What Are Counties Required To Fund? And What Happens if a County Misses MOE?

The General Assembly’s staff agency, the Department of Legislative Services, prepared an excellent summary of school funding issues (this link is to a July document, a somewhat updated version was used in a briefing before the House during the October special session). From that report, itself definitely worth a full read for those following these topics, the table on page 2 titled “Fiscal 2012 Required Local Education Funding” summarizes two relevant numbers for each county:

  • A “Local Share” totaling $2,748 million statewide — or $2.75 billion. This is the amount that each county is required to fund, through local taxes, to support its schools.
  • An “Add’l MOE Amount” totaling $2,678 million — or $2.68 billion. This is the additional amount of local funding from the prior year’s county budgets — the Maintenance of Effort target each county must fund in order to be eligible to receive any increase in state education funding. (The fact that this much additional local funding is built into the MOE base is a function of past county decisions to fund far above the state’s required “local share” levels.)

Despite the current claims of the education community, both of these practical definitions are unchanged.

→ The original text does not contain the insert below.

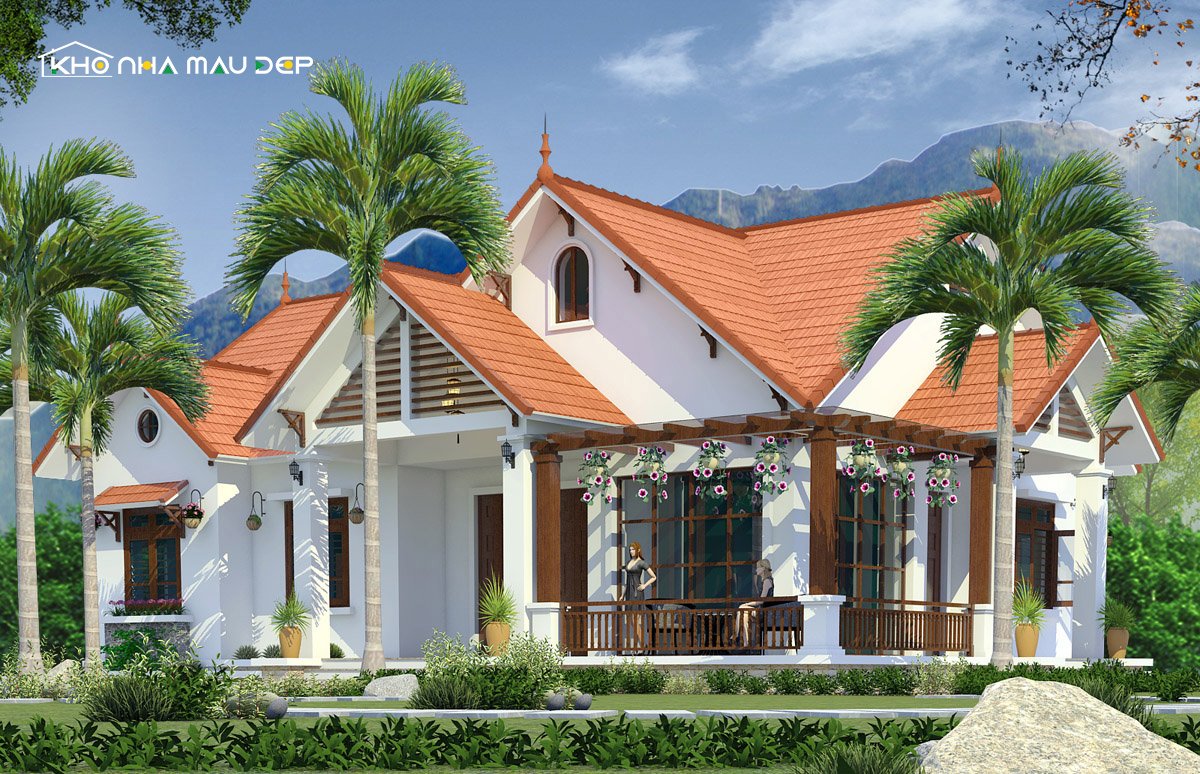 nhà cấp 4 mái thái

This exact understanding of the state’s MOE laws dates back to the last deep fiscal recession in Maryland, in the early 1990s. In 1991, the Attorney General opined on these topics, with conclusions that are unchanged today:

If a county is not able to meet its maintenance of effort requirements, that jurisdiction will not receive any increase in State aid under ED §5-202 — that is, the county forfeits whatever increment would otherwise be due in the current fiscal year above the amount that the county received in the prior fiscal year.

Now, certainly some things have changed since 1991 — a substantial re-writing of the state’s school funding formulas through the “Thornton” legislation, creation of a waiver system for counties facing MOE difficulty, clarifying language necessitated by the presence of temporary federal education support, and a one year delay in the so-called penalty for a jurisdiction missing its MOE target. But dating back at least to 1991 (and the MOE laws were only created a few years before), state law has been clear on the purpose of the MOE target: funding at the MOE level is the requirement to receive the annual increase in state education funds.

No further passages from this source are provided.